Professionalism and Your Field Personnel

Oct. 1, 2003
by Ron Smith For the past several years I have maintained that the HVAC industry suffers from a self-esteem problem. Generally speaking, our service technicians,

by Ron Smith

For the past several years I have maintained that the HVAC industry suffers from a self-esteem problem. Generally speaking, our service technicians, installers and other outside co-workers don’t display the self-confidence you’d expect from professionals (yes, I said professionals because that’s what they are). In fact, representatives of most other industries performing in-home services have us beat pretty badly in this area. Let's fix this! Customers enjoy doing business with people who are confident and display pride.

Developing a structured program that addresses this matter can pay off in big dividends for your company. It could result in improved customer relations, customer satisfaction, customer referral sales leads, community presence and perception, co-worker recruiting, co-worker satisfaction, co-worker appearance and behavior, co-worker retention, and co-worker sales activity.

Here are five actions you can do to meet the challenge:

• Co-workers need to know they’re not "just heating and air conditioning people.” Boiling it down to the basics, they serve society in two ways. They keep people comfortable, and they save people money.Both of these are very important and sure sound like the work of professionals to me.

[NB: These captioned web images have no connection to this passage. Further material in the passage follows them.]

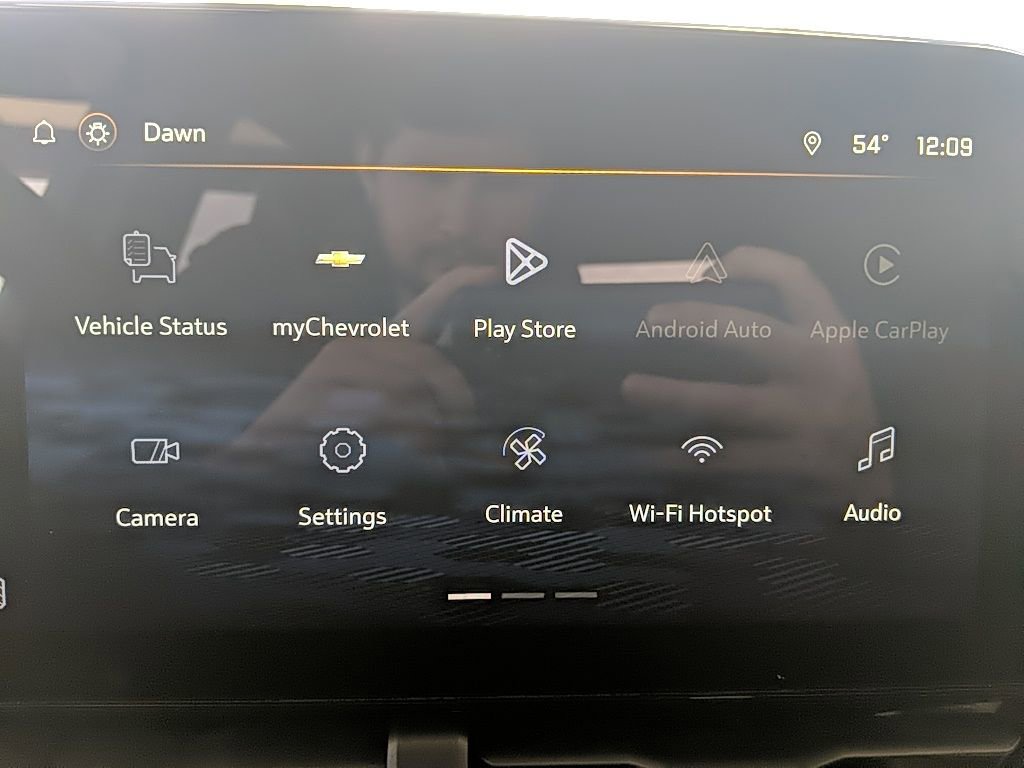 Used 2026 Chevrolet Equinox RS image 19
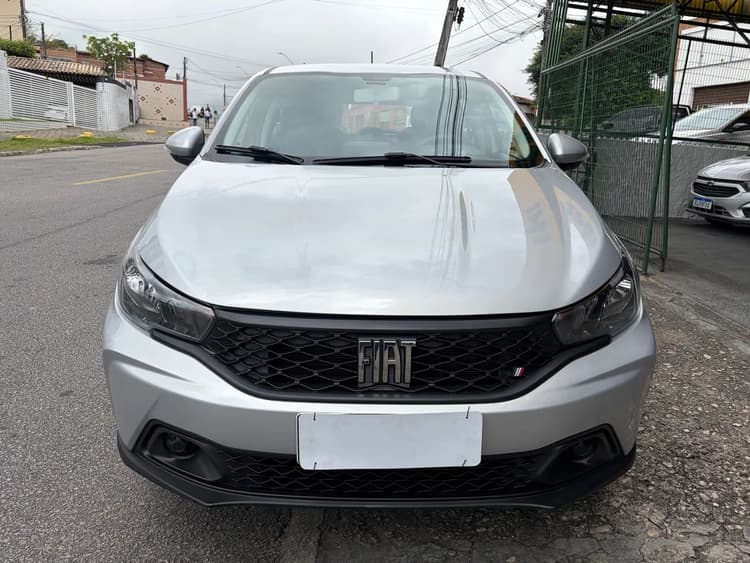 Fiat Argo Drive 1.0 6V Flex 2025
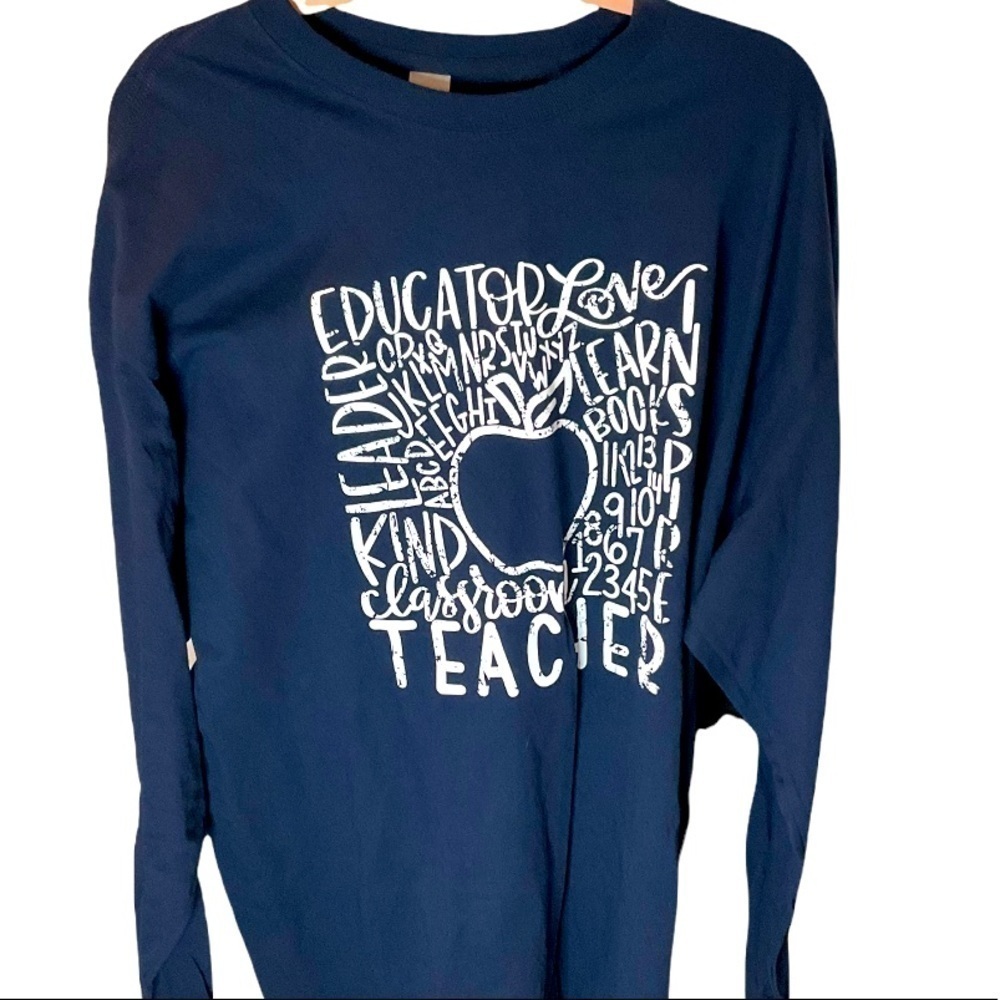 New Boutique tee, 2XL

First, keeping people comfortable. You have a wide variety of products and services in your company's portfolio that satisfy this statement. Examples are: new heating and air conditioning equipment that provides a level of comfort not previously available, high efficiency air filters and cleaners, humidity controls, UV air treatment, programmable thermostats, duct cleaning systems, zoning, service agreements, and tune-ups. With these offerings, your company and its co-workers can make people significantly more comfortable. Your co-workers need to understand their importance and the contribution they make to your customers' improved comfort.

Second, saving people money. Once again, examine your portfolio of products and services to see how well you address this statement. Maybe you need to evaluate your present offering, then update and broaden it to accommodate today's latest possibilities.

Financial advisors make a living managing their customers' investments, and they use the term "your financial portfolio." That's why in my consulting and training with HVAC contractors I tell them that they also have a portfolio of investment opportunities for their customers.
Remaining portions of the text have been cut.